Elle me tendit ses lèvres, lissa de nouveau ses cheveux, et nous
sortîmes de cette chambre, elle en chantant, moi à moitié fou.

Dans le salon elle me dit tout bas, en s'arrêtant:

--Cela doit vous paraître étrange que j'aie l'air d'être prête
à vous accepter ainsi tout de suite; savez-vous d'où cela vient?

Cela vient, continua-t-elle en prenant ma main et en la posant
contre son cœur dont je sentis les palpitations violentes et
répétées, cela vient de ce que, devant vivre moins longtemps que
les autres, je me suis promis de vivre plus vite.

--Ne me parlez plus de la sorte, je vous en supplie.

--Oh! consolez-vous, continua-t-elle en riant. Si peu de temps
que j'aie à vivre, je vivrai plus longtemps que vous ne m'aimerez.

Et elle entra en chantant dans la salle à manger.

--Où est Nanine? dit-elle en voyant Gaston et Prudence seuls.

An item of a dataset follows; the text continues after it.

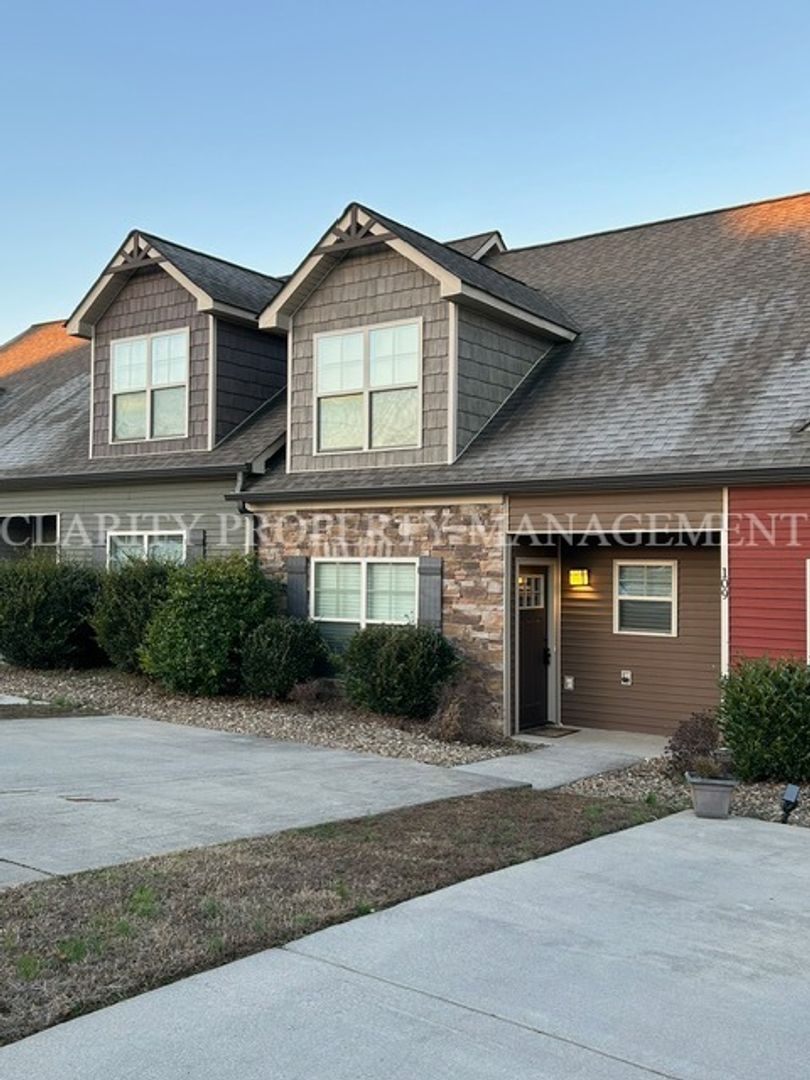 Cleveland House: 109 Belle Chase Way NE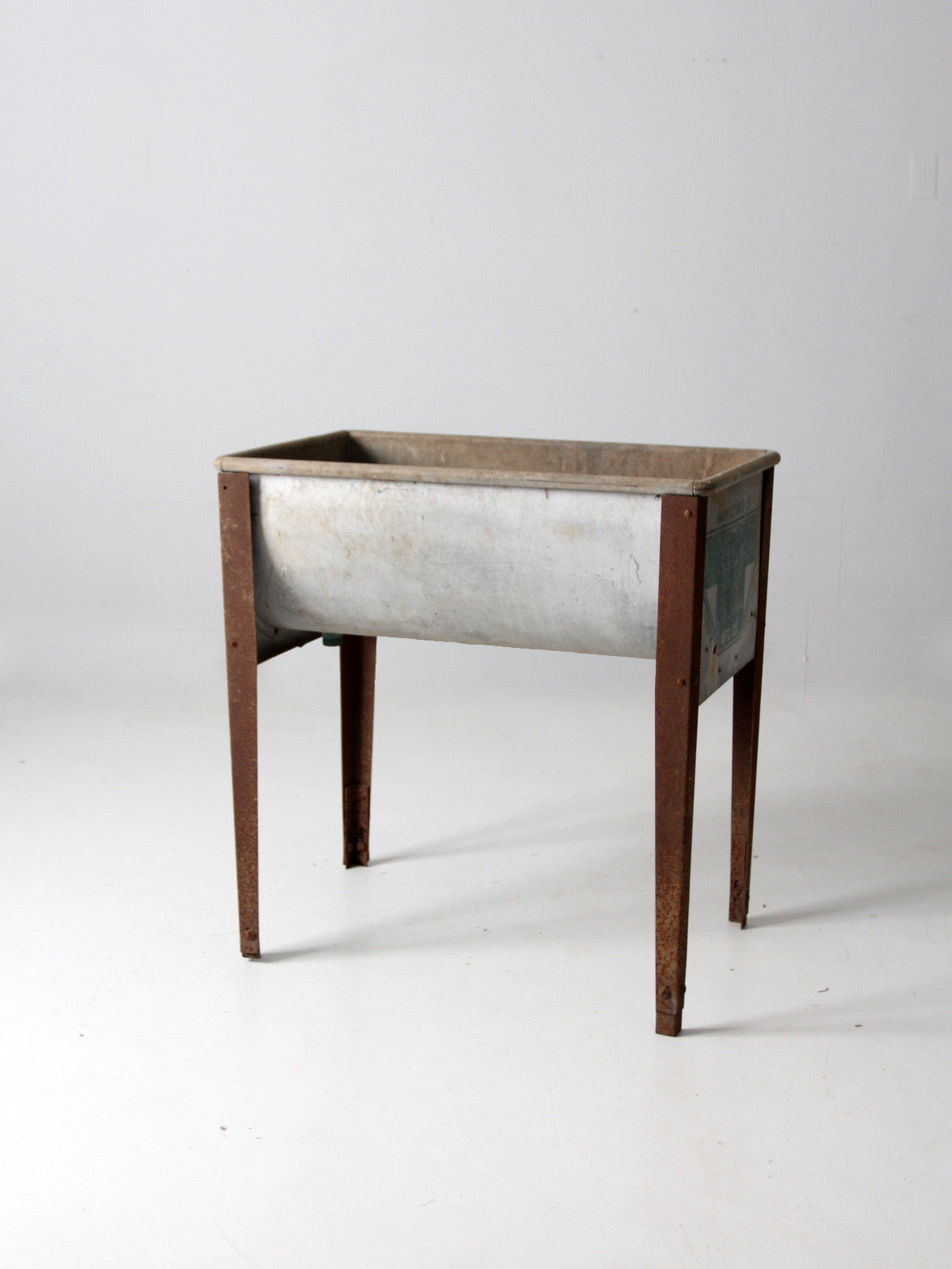 vintage metal washtub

--Elle dort dans votre chambre, en attendant que vous vous
couchiez, répondit Prudence.

--La malheureuse! Je la tue! Allons, messieurs, retirez-vous,
il est temps.

Dix minutes après, Gaston et moi nous sortions. Marguerite me
serrait la main en me disant adieu et restait avec Prudence.

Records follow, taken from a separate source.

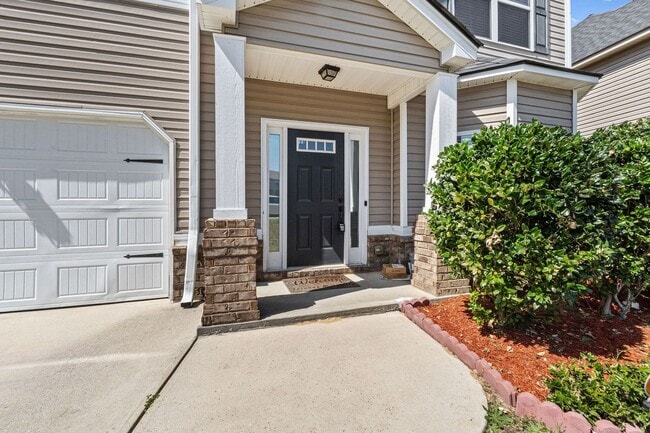 Photo - 4464 Grove Landing Dr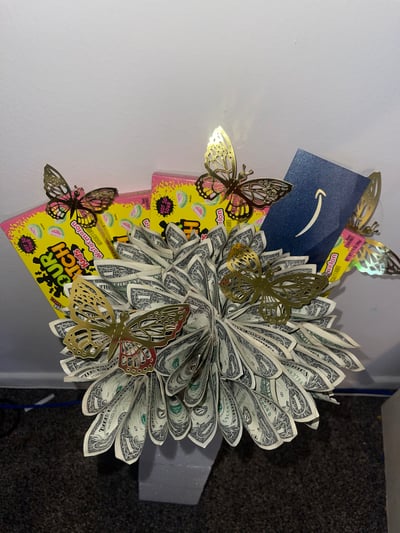 Image of Money Bouquet Without Flowers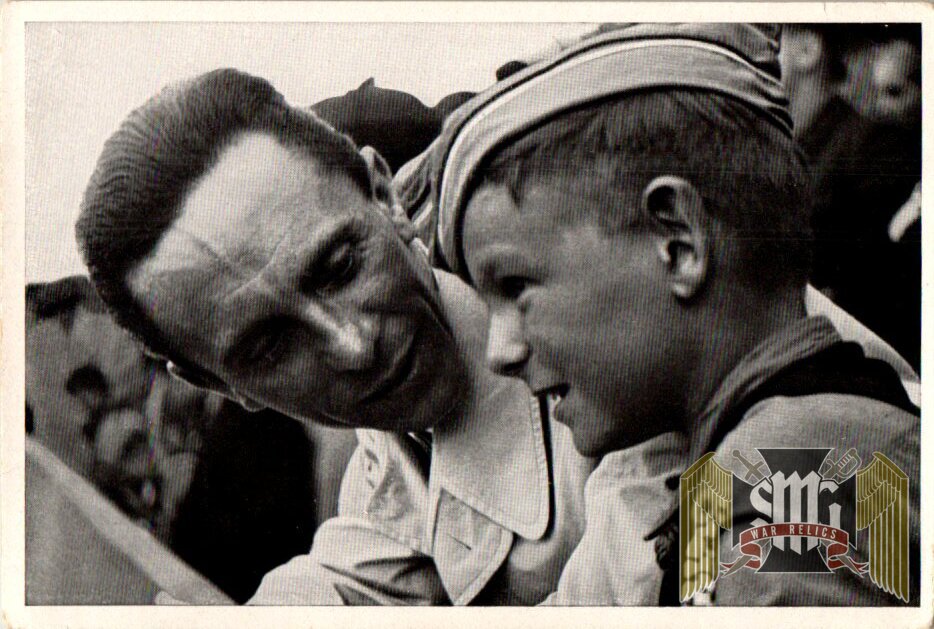 Germany Awake un used Cigarette Photo #168 Goebbels and Hitler Youth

--Eh bien, me demanda Gaston, quand nous fûmes dehors, que
dites-vous de Marguerite?

--C'est un ange, et j'en suis fou.

--Je m'en doutais; le lui avez-vous dit?

--Oui.

--Et vous a-t-elle promis de vous croire.

--Non.

--Ce n'est pas comme Prudence.

--Elle vous a promis?

--Elle a fait mieux, mon cher! On ne le croirait pas, elle est
encore très bien, cette grosse Duvernoy!



11


En cet endroit de son récit, Armand s'arrêta.

--Voulez-vous fermer la fenêtre? me dit-il, je commence à avoir
froid. Pendant ce temps, je vais me coucher.

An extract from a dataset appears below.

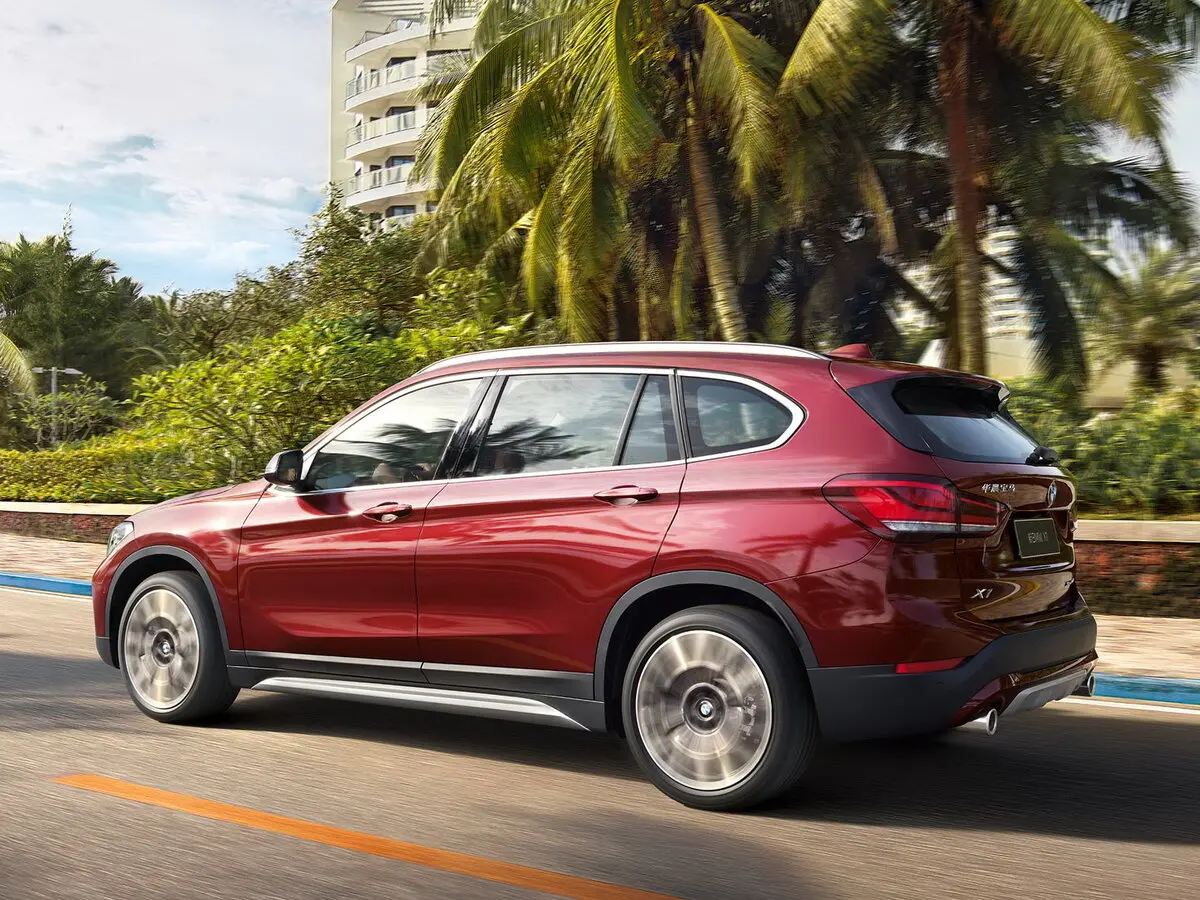BMW X1 II (F48) Рестайлинг Внедорожник 5 дв. Long — сүрөт 3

Je fermai la fenêtre. Armand, qui était très faible encore, ôta
sa robe de chambre et se mit au lit, laissant pendant quelques
instants reposer sa tête sur l'oreiller comme un homme fatigué
d'une longue course ou agité de pénibles souvenirs.

--Vous avez peut-être trop parlé, lui dis-je, voulez-vous que je
m'en aille et que je vous laisse dormir? vous me raconterez un
autre jour la fin de cette histoire.

--Est-ce qu'elle vous ennuie?

--Au contraire.

--Je vais continuer alors; si vous me laissez seul, je ne
dormais pas.

--Quand je rentrai chez moi, reprit-il, sans avoir besoin de se
recueillir, tant tous ces détails étaient encore présents à sa
pensée, je ne me couchai pas, je me mis à réfléchir sur l'aventure
de la journée. La rencontre, la présentation, l'engagement de
Marguerite vis-à-vis de moi, tout avait été si rapide, si inespéré,
qu'il y avait des moments où je croyais avoir rêvé. Cependant
ce n'était pas la première fois qu'une fille comme Marguerite
se promettait à un homme pour le lendemain du jour où il le lui
demandait.

J'avais beau me faire cette réflexion, la première impression
produite par ma future maîtresse sur moi avait été si forte
qu'elle subsistait toujours. Je m'entêtais encore à ne pas voir
en elle une fille semblable aux autres, et avec la vanité si
commune à tous les hommes, j'étais prêt à croire qu'elle
partageait invinciblement pour moi l'attraction que j'avais pour
elle.

Cependant j'avais sous les yeux des exemples bien contradictoires,
et j'avais entendu dire souvent que l'amour de Marguerite était
passé à l'état de denrée plus ou moins chère, selon la saison.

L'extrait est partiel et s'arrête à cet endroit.